A Century Without Data: Reconstructing Emerging Markets Equity History

20.May 2026

For U.S. equities, fixed income, and commodities, reconstructing long-term historical datasets is relatively straightforward, and we have already explored these challenges in several previous studies, including 100 Years of Multi-Asset Trend Following, Extending Historical Daily Bond Data to 100 Years, and Extending Historical Daily Commodities Data to 100 Years. Moreover, the broader methodology of reconstructing missing market histories shares many similarities with the techniques discussed in How to Replicate Any Portfolio. Emerging markets, however, represent a particularly interesting opportunity for historical reconstruction, as reliable long-term data is often unavailable for much of the 20th century despite the growing importance of these markets in modern portfolio construction and asset allocation. In this article, we present the framework we developed to extend emerging market histories in a consistent and economically meaningful way, enabling more robust long-term quantitative research and modelling.

1926 – 1989

In this period, we will have to rely on historical data that is available only on an annual frequency, as exchanges do not provide daily observations for this time span. This naturally raises the question of how to reconstruct intra-year volatility. From a mathematical perspective, we do not need to go far: a natural framework is to model returns year by year using a geometric Brownian motion. This process consists of a deterministic component, interpretable as continuous compounding, and a stochastic component, which captures volatility.

Starting from a well-observed reference asset, we can decompose its value (price) process into these two parts. The deterministic component can then be reconstructed separately, based on annual observations, for example via exponential interpolation. The stochastic component, on the other hand, can be extracted from the reference series, appropriately rescaled, and subsequently used as the volatility driver for the reconstructed asset.

The scaling itself can be performed, for instance, using the long-term ratio of annualized volatilities of yearly returns, which can be easily estimated for both assets. This procedure ensures that the reconstructed series preserves a realistic volatility structure while remaining consistent with observed annual performance.

The resulting synthetic assets will inevitably exhibit a relatively high degree of correlation. However, this is not necessarily problematic, particularly if the volatility-generating reference is chosen as a U.S. equity index, where volatility is often driven by global shocks and tends to transmit across markets. In this sense, the U.S. market can be interpreted as a natural anchor for global risk dynamics, which justifies its use as the primary source of the stochastic component.

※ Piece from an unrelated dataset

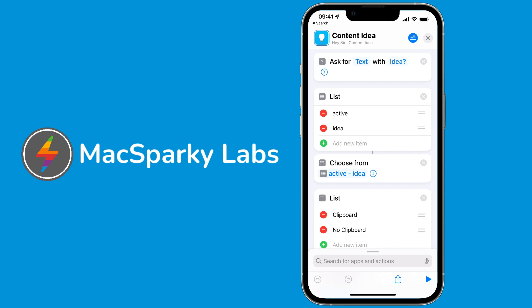Hi gang, recently I did a screencast for the Labs members about how to do content capture on my Mac with a Keyboard Maestro script. Immediately the emails started coming in: hey smarty pants, how are you going to do that on your iPhone? Because you don't have Keyboard Maestro there.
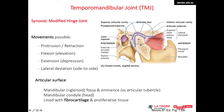In this segment we will talk about the temporomandibular joint. The temporomandibular joint is a synovial joint between the glenoid fossa, also known as the mandibular fossa of the temporal bone above, and the mandibular condyle. It is unusual in that its articular surfaces are lined by fibrocartilage rather than hyaline cartilage.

Figure 1: Workflow of data reconstruction.

For the deterministic component, the situation is more challenging, as even annual price data for most emerging markets does not exist over the full horizon. The only notable exception is China, where the Shanghai Stock Exchange Project provides a reconstructed USD-denominated index back to 1940. Following the political disruptions beginning in the early 1940s, we can model the gradual destruction of equity value through a compounded negative return process, effectively driving prices toward zero by 1949, where we impose a terminal value of zero. However, one country is clearly not sufficient to represent the entire emerging markets universe, and therefore a broader construction is required.

Since China is essentially the only case with a partially observed index-level history, we need to proceed in a more indirect and creative way. For developed markets, particularly the United States, we do have long-run information on valuation ratios such as the price-to-earnings (P/E) multiple. We assume that the relative P/E ratio between the U.S. and emerging markets is, in the long run, approximately stable. This allows us to infer a long-term P/E level for individual emerging market countries by anchoring them to the U.S. valuation level and applying historical average spreads.

Once we obtain a time series of implied P/E ratios for each country, we still face the problem that P/E alone is not a price. To recover a price index, we need a proxy for earnings. For this purpose, we use publicly available historical export data as a proxy for the productive capacity and external revenue generation of each economy (1926 – 1960, 1960 – 1989). Combining these elements, we obtain a synthetic price series for each country that is internally consistent with both valuation dynamics and macroeconomic fundamentals.

Finally, since our goal is not a set of isolated country series but a single emerging markets representation, we construct a simplified composite portfolio from the subset of countries for which the reconstruction is sufficiently stable and data coverage is adequate. In our case, this includes Argentina, Brazil, Chile, India, South Africa, and China.

1989 – 1997

As we move into a later period, the quality of available data improves significantly. In particular, the Fama–French library provides a monthly time series for an emerging markets portfolio, which allows for a more structured calibration of the reconstruction.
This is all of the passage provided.